To complete its operation, every workload had its throughput and, wherever applicable, its latency assessed. As shown in Figure 2, two scenarios were compared:

  1. One where the memory of the guest was encrypted with Intel TME-MK (TME-MK_ON)
  2. The other with platform memory encryption disabled, implying the VM memory was not encrypted (TME_OFF)

The workload performance impact of Intel TME-MK for the workloads in Figure 2 is low: less than 2%. Figure 2 shows the performance impact from Intel TME-MK and the run-to-run variation observed for each workload.

Figure 2

Besides workload throughput performance, the impact of Intel TME-MK on CPU usage, memory bandwidth, and memory access latencies on the platform was also studied. CPU usage and memory bandwidths were not impacted and were within run-to-run variance as expected. Any impact due to Intel TME-MK is due to:

  • Encryption of data when written to memory
  • Decryption of data when read from memory that translates to a memory access delay observed at the memory controller of the CPU

The last level cache data read miss latency was measured. The impact due to Intel TME-MK was observed to be less than or equal to 11.6 ns as expected (shown in Figure 3). Since DC16s_v3 VM runs only in the second socket of the platform, the graph only calls out memory access latency overhead on second socket S1 for all cases except Bert. Bert shows 22 ns overhead for the first socket S0 within the run-to-run for memory access latency observed for Bert, which is 22.4 ns.

Figure 3

Intel TME-MK Impact on a Multi-VM Scenario

For the multi-tenant VM scenario, the platform was evenly subscribed with 18 VMs of 4 vCPUs and 16 GB memory each on the 72-core server under test so that we have 9 VMs on socket 0 and 9 VMs on socket 1. To assess the impact on a multi-VM scenario, three different memory-intensive use cases were considered. All experiments have a homogeneous setup for ease of comparison.

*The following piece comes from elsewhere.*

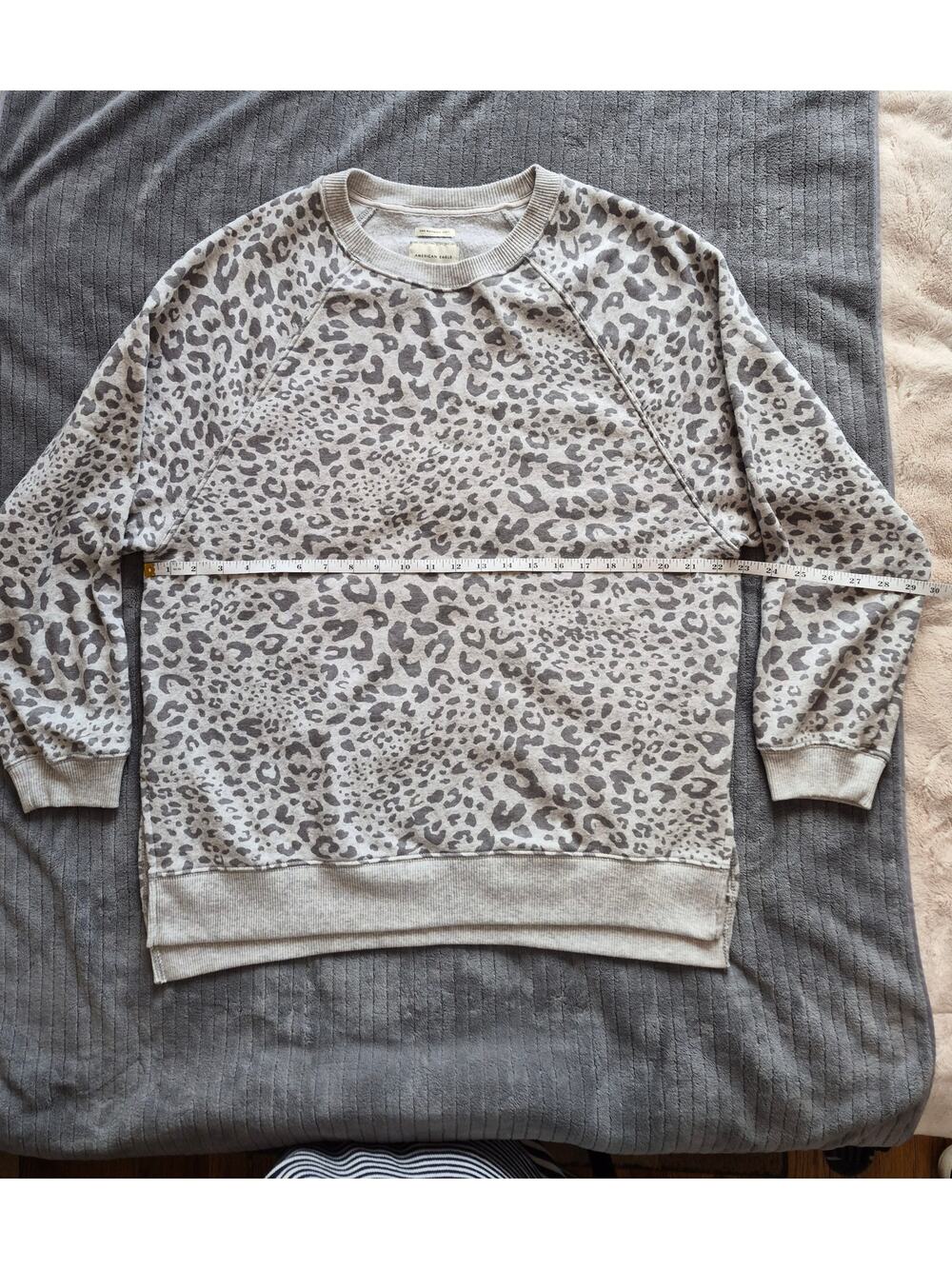 Ameican Eagle Womens Gray Leopard Print Sweatshirt Crewneck Jegging Fit Size M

This implies that all VMs in every experiment are running the same workload for a given case. For a lesser run-to-run (R2R) variation and better vCPU to logical processor affinity, a CPU group9 was created for every VM.

  • Ram Drive Read: Four ramdisks were created in the guest, and one Fio process was used to issue 4 Kbytes of I/O random-read operations to each of the ramdisks.
  • Ram Drive Write: Like the previous case, Fio was used to issue 4 KB of I/O random-write operations to each ramdisk.
  • LINPACK: A shared-memory version of LINPACK was run (as previously mentioned) so that the CPU was saturated for all four virtual processors of the guest, for all the guests.

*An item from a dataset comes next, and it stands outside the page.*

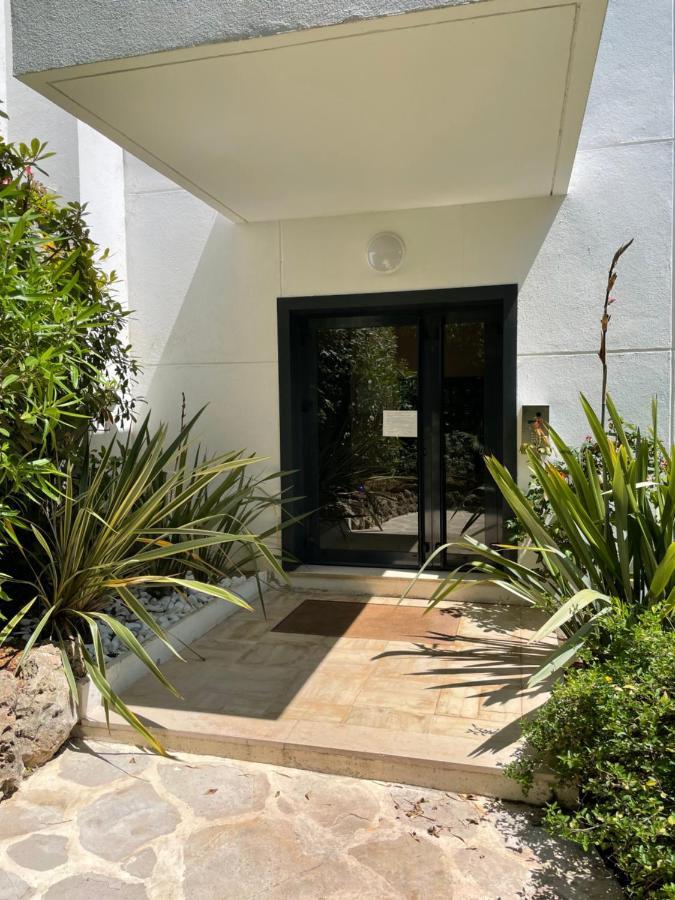 Superbe Studio Lumineux Sur Cannes Avec Terrasse ! A Quelques Minutes De La Celebre Rue D'Antibes ! Exterior foto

Performance impact observed is less than or equal to 2.2% as shown in the following Figure 4.

Figure 4

Conclusion

As more customers migrate to public or hybrid cloud environments, security becomes a growing concern for their mission-critical applications and confidential data. While there are several ways of securing data at rest in storage or data in motion over the network, Intel TME-MK provides a way for encrypting entire system memory at runtime and is deployed by key customers like Azure. While this technology provides great flexibility with multiple encryption keys and ease of enabling (no changes to guest VMs), it also addresses a key concern for customers: the performance impact of security. With 0%-2.2% performance impact, Intel TME-MK becomes a viable first step towards securing runtime memory for the customers, helping them migrate to the public cloud with minimal impact.